Check your Compost Pile
Not everything in your compost pile is created equally, to ensure the healthiest form of natural compost, check your pile often. If there is an accidental wrapper, or piece of plastic in your compost, adding it to your plants could hurt more than it would help.
Looking to make sure all items in your compost are degrading will ensure that what you are adding to the plants is healthy, natural, and helpful for plant growth.
While there is no such thing as “perfection,” really when it comes to your plants, make sure to prune the stems and leaves at a good time. Check to make sure the weather won’t be too hot or too cold when you do it and remember that timing is everything.
Don’t let brown or dead stems, leaves of flowers stay on the plant for too long. Keeping dead or dying parts on your plants will take energy for the living part to maintain. It is best just to cut them off and let your flowers, vegetables, and garden grow into a healthy, beautiful area.
Look Out for Bugs
Not all bugs are bad for your garden, but when you start to see holes eaten out of the leaves and brown spots forming, check out your garden to see what creepy crawlies are lurking in your dirt and around the plant stems.
Bugs like flea beetles, cabbage moths, or other similar insects can add an extra burden to tackle, especially during the incubation process. If these bugs or bugs similar to them are in your area, add a floating row cover to protect your plants. If you wait, chances are the bugs will lay their eggs underneath the growing leaves and then new problems will develop.
Clean up in the Fall
Many plants won’t last a second year, and by the season’s end, it will be time to clean up all the plants that begin to die. It is essential to clear all dead foliage away to protect the soil for the upcoming colder season and to help maintain healthy soil for years to come.
While you don’t have to dig away root systems, researching on what is the right way to dispose of your chosen plants is an excellent idea to ensure a healthy growing season to come.
Water, Water, Everywhere
Each plant has a different way they collect water, and different soils absorb water differently. Learning which way the plants you’ve picked outtake water (and how much water to give them) can help keep your garden growing through spring and summer.
Don’t Crowd your Plants but Keep your Garden Dense
When you look through planting research, you’ll find varying opinions on what is the best way to plant your plants. There will be some places that will tell you to keep your garden dense. Other areas will tell you not to crowd your plants. It can be up to you to decide what is the best way for your yard.
If you keep your garden dense, chances are fewer weeds will grow. However, if you keep your garden thick, chances are that some plants will overtake others and their root systems will begin to absorb more nutrients and water from the soil, which will take away the growing power of other plants.

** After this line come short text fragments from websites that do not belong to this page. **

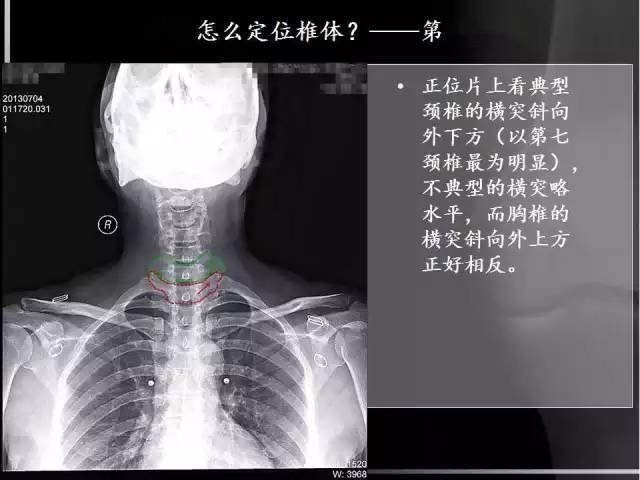 x线解剖详细颈椎x线解读图文标注版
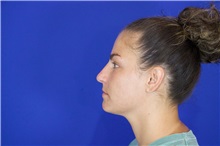 Rhinoplasty Before Photo by Thanapoom Boonipat, MD; Lubbock, TX - Case 51511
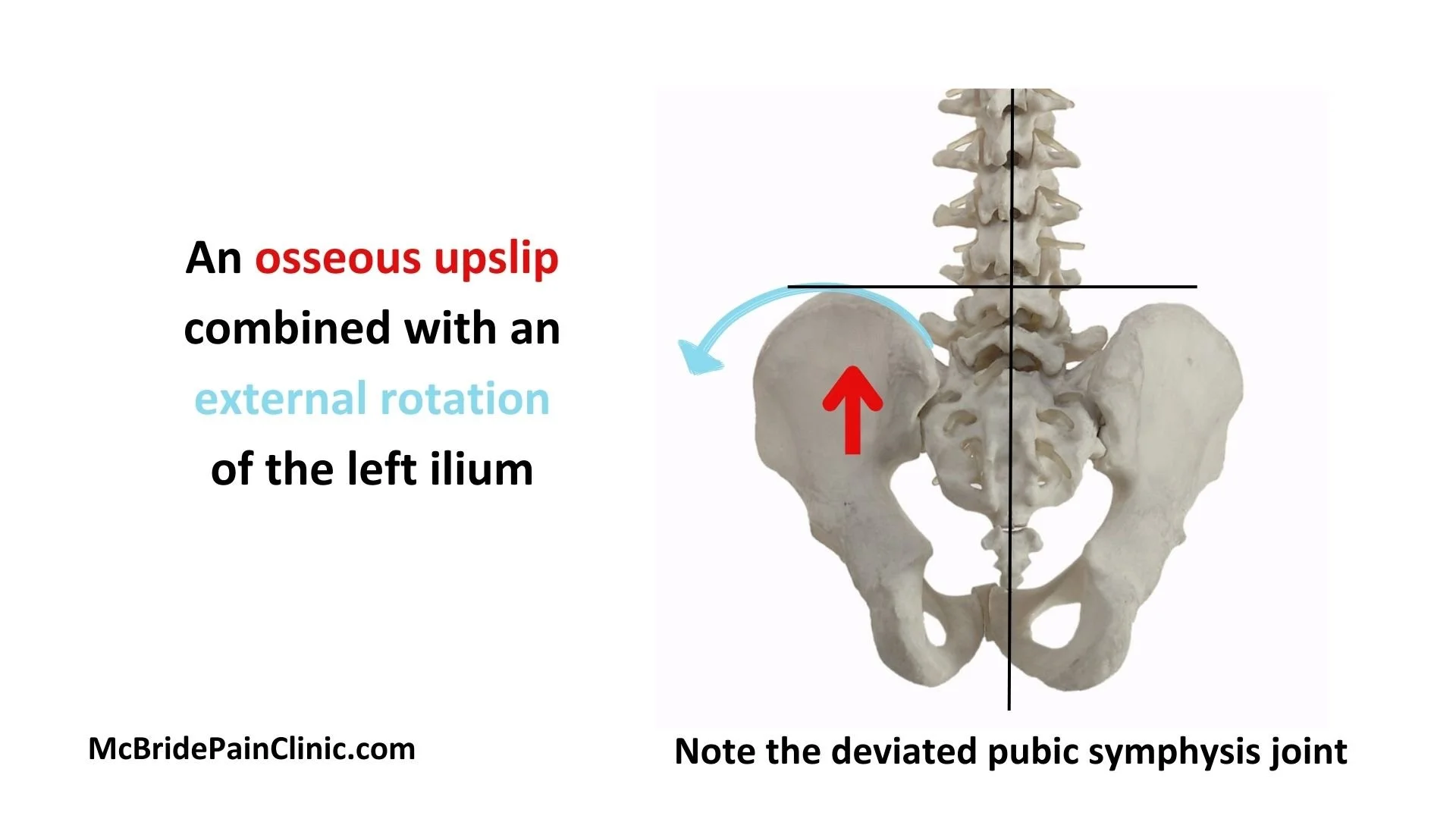 Pelvis Rotations and Upslips — McBride Pain Clinic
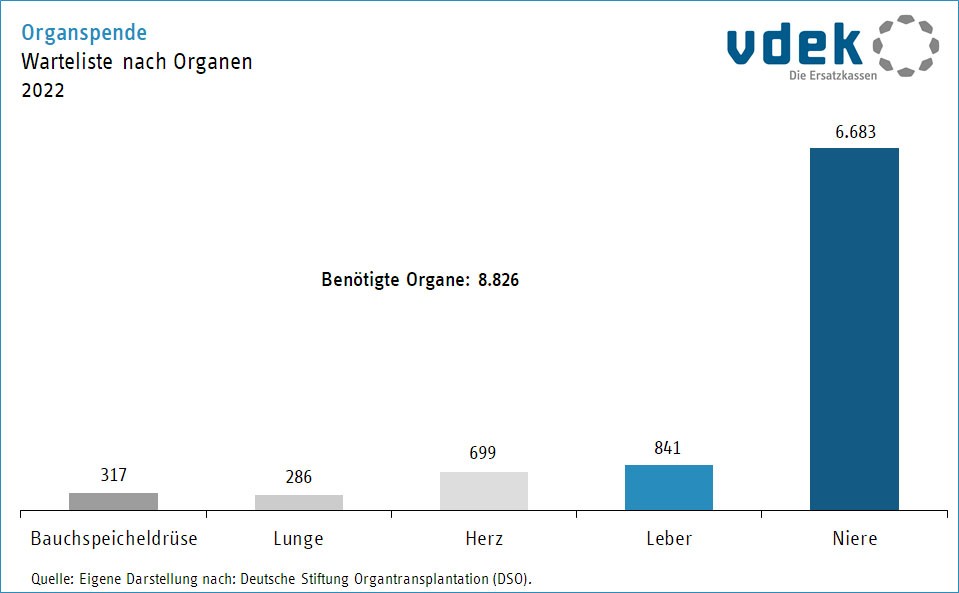 Säulendiagramm zeigt die Warte liste nach Organen im Jahr 2022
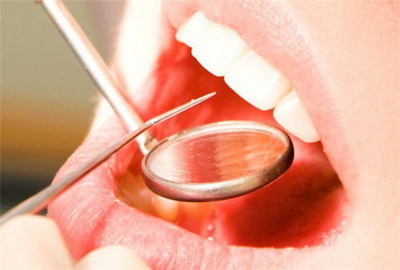 牙齿贴面的过程是怎样的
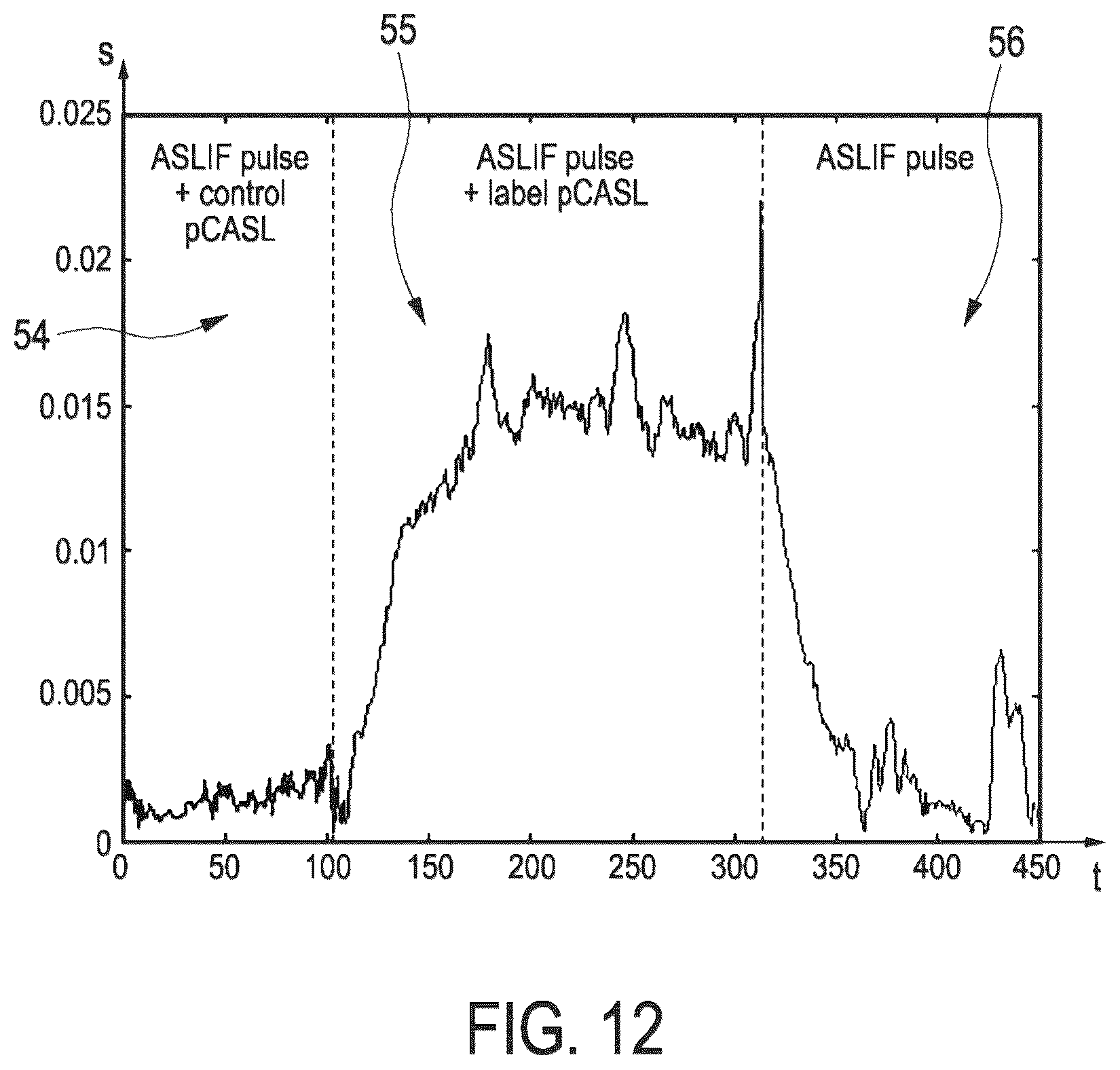 Patent US12099106 Figure 12 – Arterial spin labeling with evaluation of inversion state of magnetization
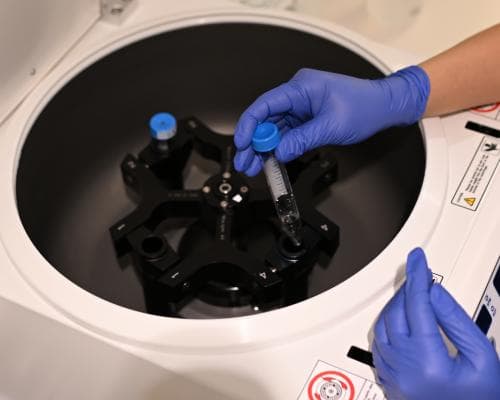 UK IVF Couples Rank Embryos by IQ, Height and Health Scores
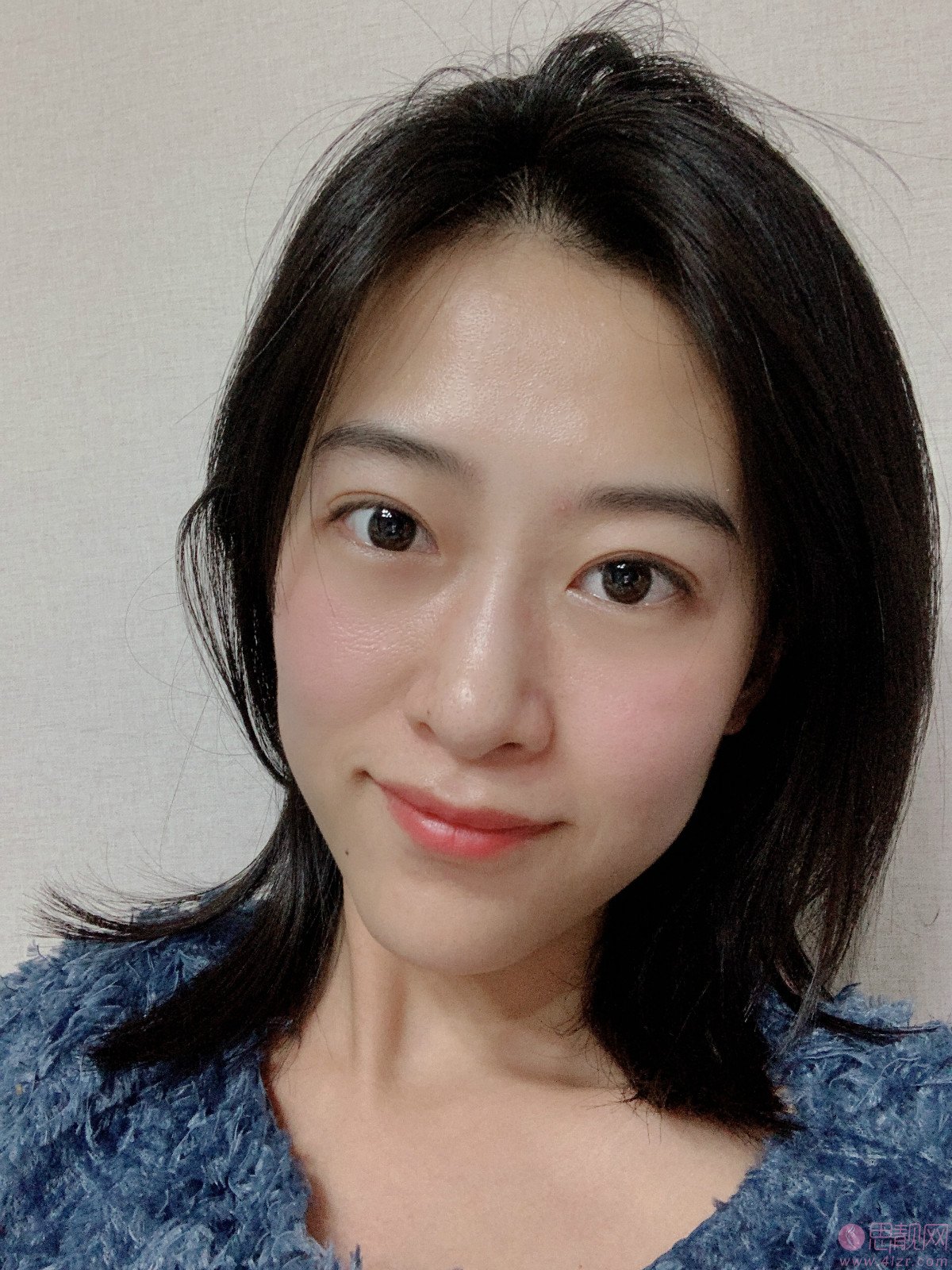 重庆郑荃丽格医疗美容激光祛眼袋好不好?2020价格表一览+祛眼袋术后案例分享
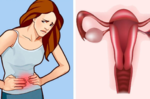 「卵巢囊腫」其實很多女性都有！這些警訊必須注意，否則卵巢毀了，下半生也毀了。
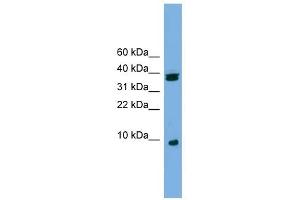 RPS21 antibody used at 1 ug/ml to detect target protein. (RPS21 antibody  (Middle Region))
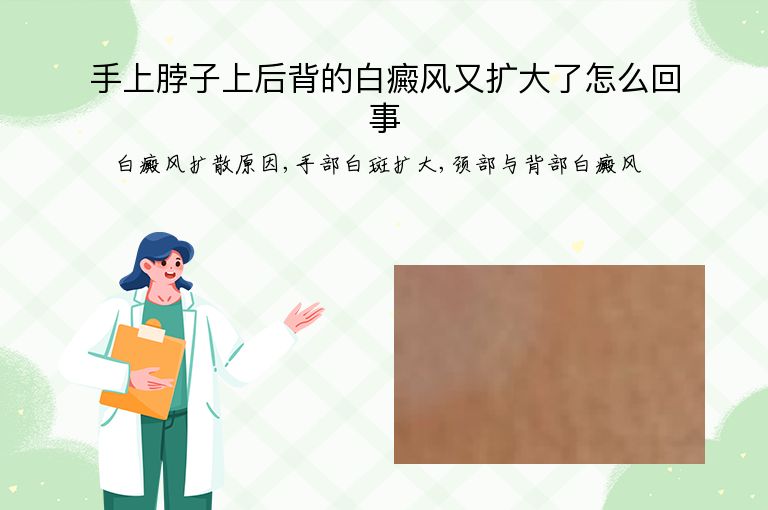 手上脖子上后背的白癜风又扩大了怎么回事”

If you don’t cram your garden full of plants, you may get more weeds, but a siege attack on the root system for water and soil nutrients will not happen, and you can avoid any Mad Max plant scenarios in your future.
Harden your Plants
Better Homes and Gardens (BGH) says to take your newly incubated seedlings and plants and to harden them. This idea is essentially getting your plants used to the weather and elements about a week before they are to be planted. BGH says to keep the plants outside for a certain amount of time during the day, in a well-protected area (like under deck stairs). This action will get the plants accustomed to the weather, and they are less likely to go into any form of shock when you add them to the soil.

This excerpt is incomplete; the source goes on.